| EXERCISE INSTRUCTIONS |
Please print, exactly, only the lines in the entries below from the line that has "Путин в пилотската" through the line that has "އައްޑޫ ކަރަންޓު ކެނޑެނީ". Pictures don't go in.

| SUPPLIED MATERIAL |
== Segment start ==
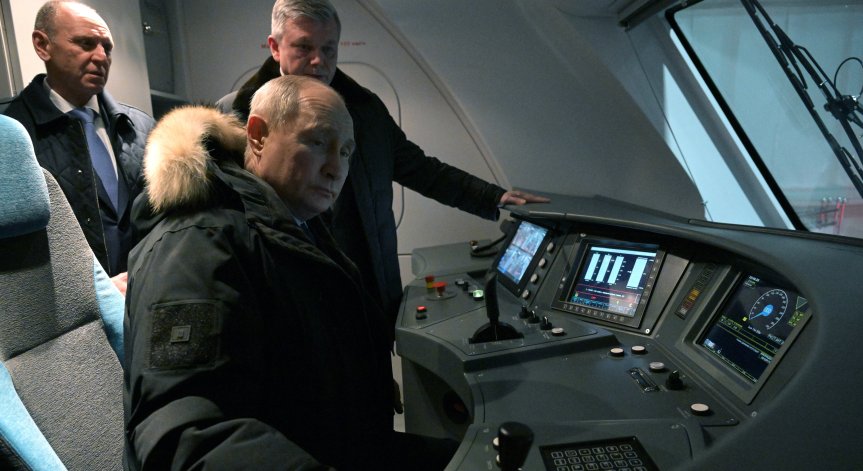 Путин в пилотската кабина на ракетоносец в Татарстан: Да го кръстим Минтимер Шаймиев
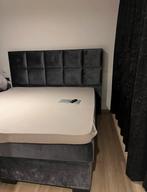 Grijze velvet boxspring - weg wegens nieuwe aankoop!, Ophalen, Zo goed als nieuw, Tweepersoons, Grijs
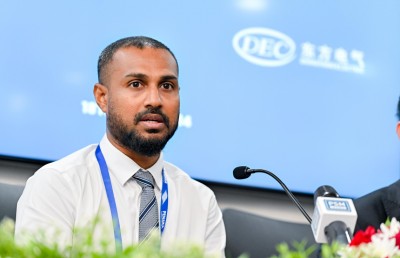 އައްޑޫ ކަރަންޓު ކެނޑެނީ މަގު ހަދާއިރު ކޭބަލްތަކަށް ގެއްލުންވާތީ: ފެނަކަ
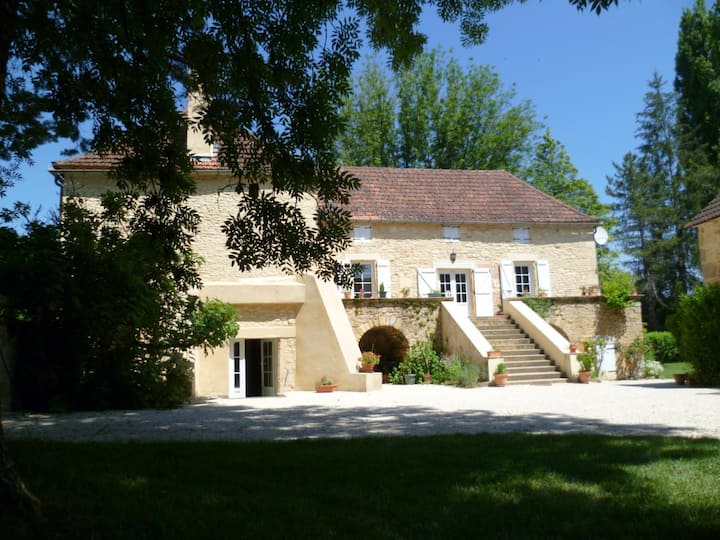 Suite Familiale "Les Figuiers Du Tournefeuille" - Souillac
== Segment end ==
== Segment start ==
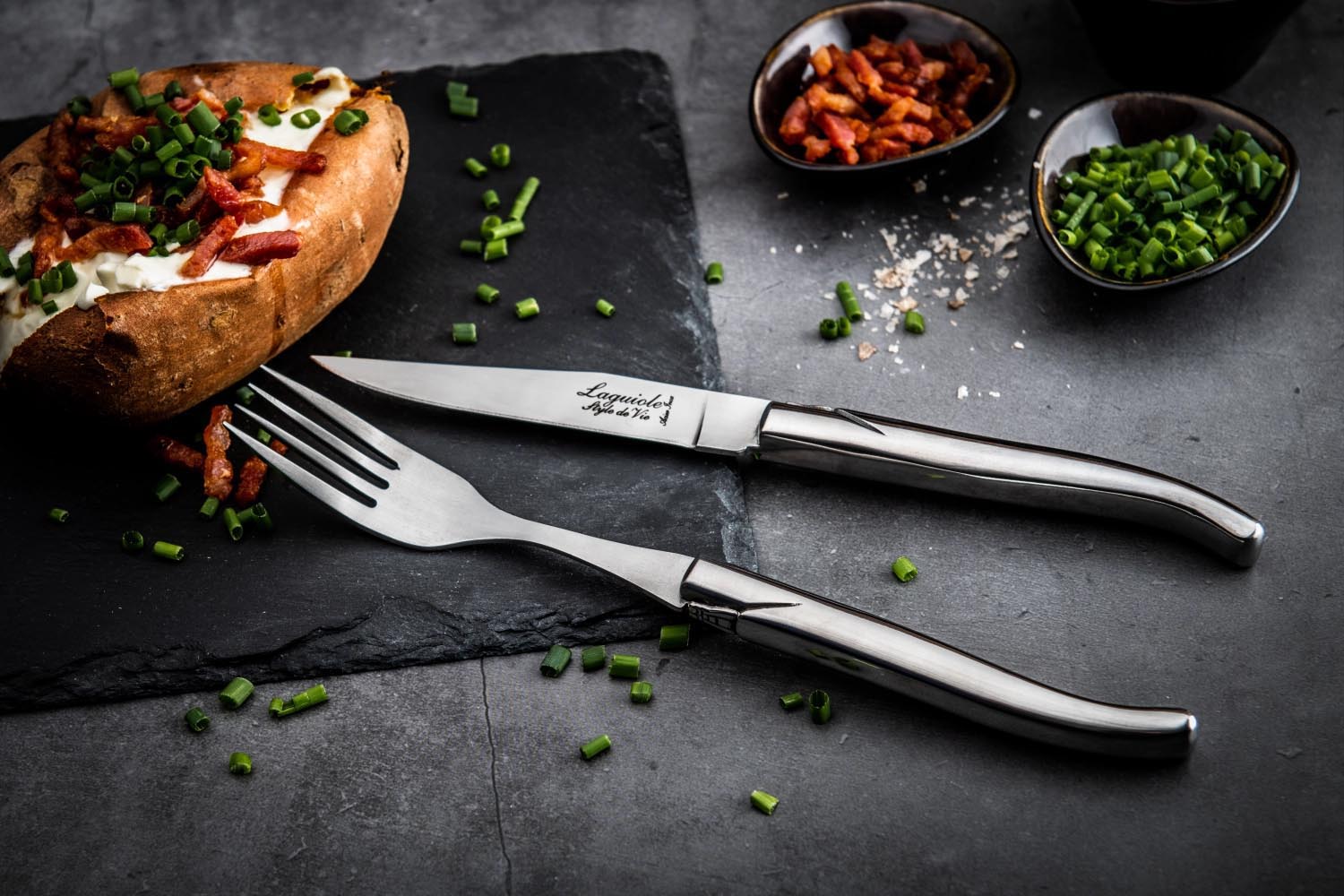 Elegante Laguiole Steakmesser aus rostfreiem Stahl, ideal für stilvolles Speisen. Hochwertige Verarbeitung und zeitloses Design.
== Segment end ==
| FINISHED EXERCISE |
 Путин в пилотската кабина на ракетоносец в Татарстан: Да го кръстим Минтимер Шаймиев
 Grijze velvet boxspring - weg wegens nieuwe aankoop!, Ophalen, Zo goed als nieuw, Tweepersoons, Grijs
 އައްޑޫ ކަރަންޓު ކެނޑެނީ މަގު ހަދާއިރު ކޭބަލްތަކަށް ގެއްލުންވާތީ: ފެނަކަ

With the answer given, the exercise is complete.